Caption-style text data

Segment Open

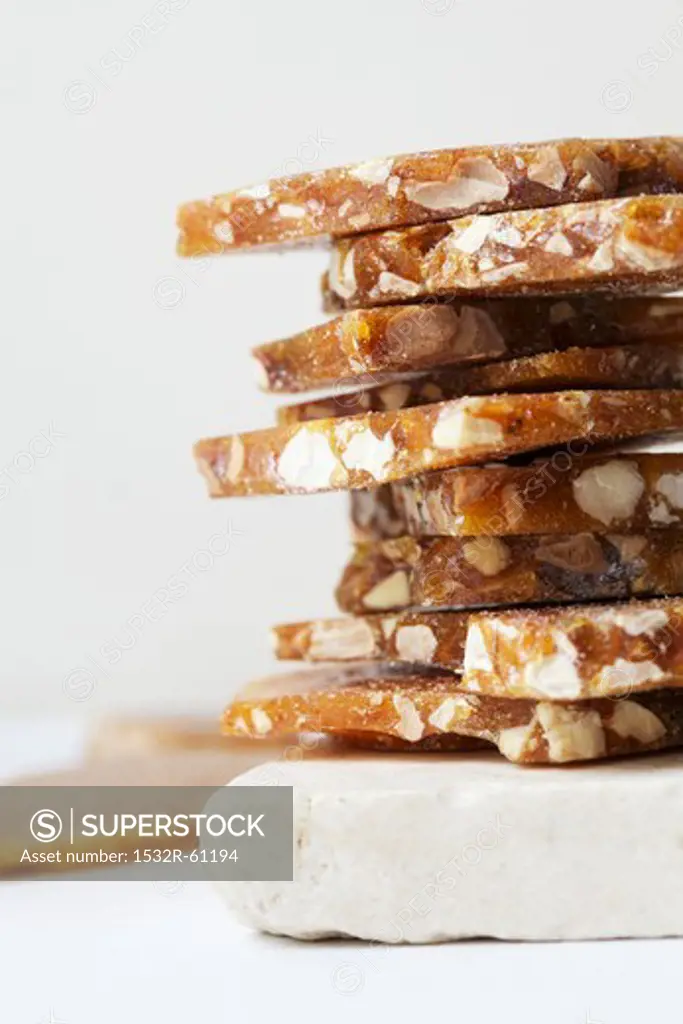 Caramel with Hazelnuts; Stacked on Stone Tile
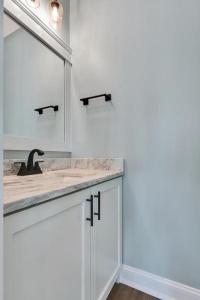a white bathroom with a sink and a mirror at Saltwater Gospel in Oak Island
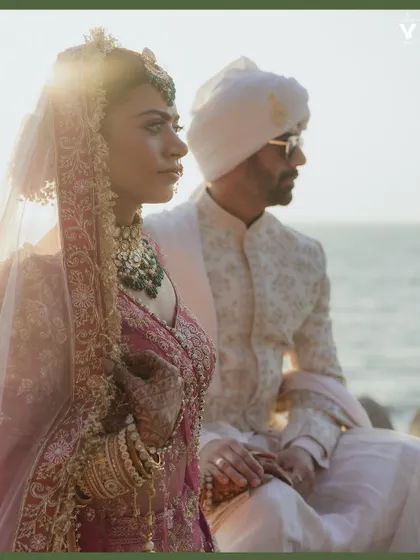 The couple sits by the sea, bathed in the golden light of the sun. This cinematic shot captures a moment of quiet reflection and togetherness against the beautiful backdrop of the ocean.
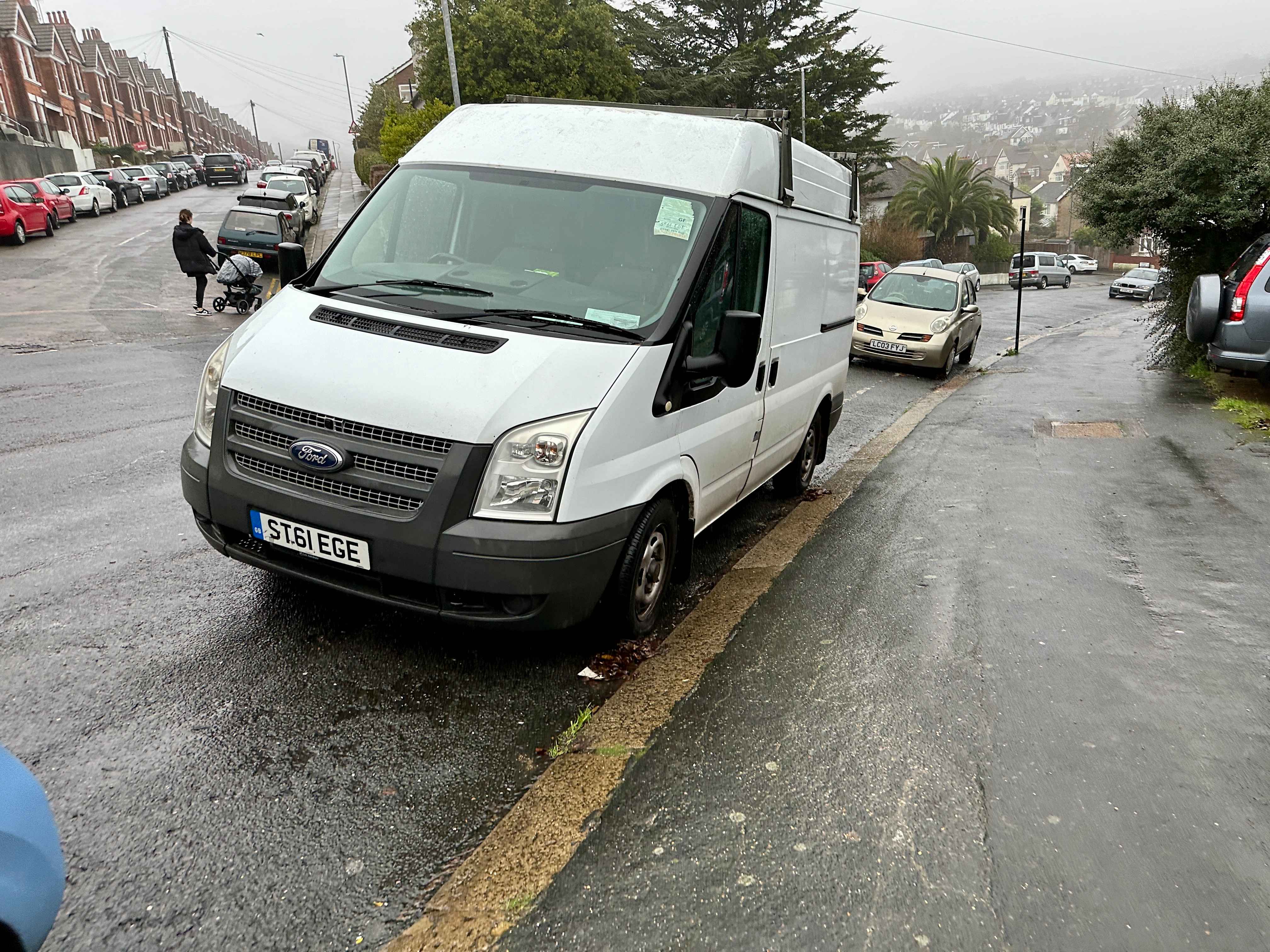 Photograph of ST61 EGE - a White Ford Transit parked in Hollingdean by a non-resident. The fifth of six photographs supplied by the residents of Hollingdean.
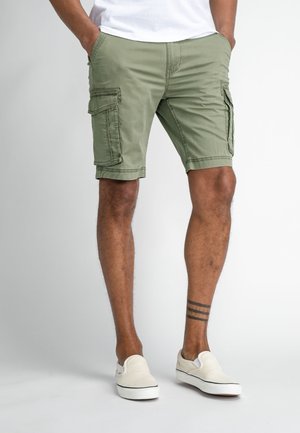 Groene cargoshorts van katoen, met zijzakken, een knielange snit en contrasterende stiksels. Gemaakt in combinatie met witte instappers.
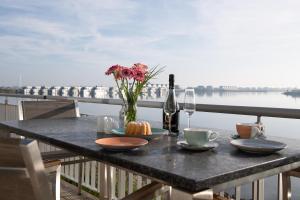 a table with a bottle of wine and a vase of flowers at Haus Hafenblick in Olpenitz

Segment Closed

Directions for this task
For each line above, output its wording exactly and leave out any picture.

Solution to this exercise
 Caramel with Hazelnuts; Stacked on Stone Tile
a white bathroom with a sink and a mirror at Saltwater Gospel in Oak Island
 The couple sits by the sea, bathed in the golden light of the sun. This cinematic shot captures a moment of quiet reflection and togetherness against the beautiful backdrop of the ocean.
 Photograph of ST61 EGE - a White Ford Transit parked in Hollingdean by a non-resident. The fifth of six photographs supplied by the residents of Hollingdean.
 Groene cargoshorts van katoen, met zijzakken, een knielange snit en contrasterende stiksels. Gemaakt in combinatie met witte instappers.
 a table with a bottle of wine and a vase of flowers at Haus Hafenblick in Olpenitz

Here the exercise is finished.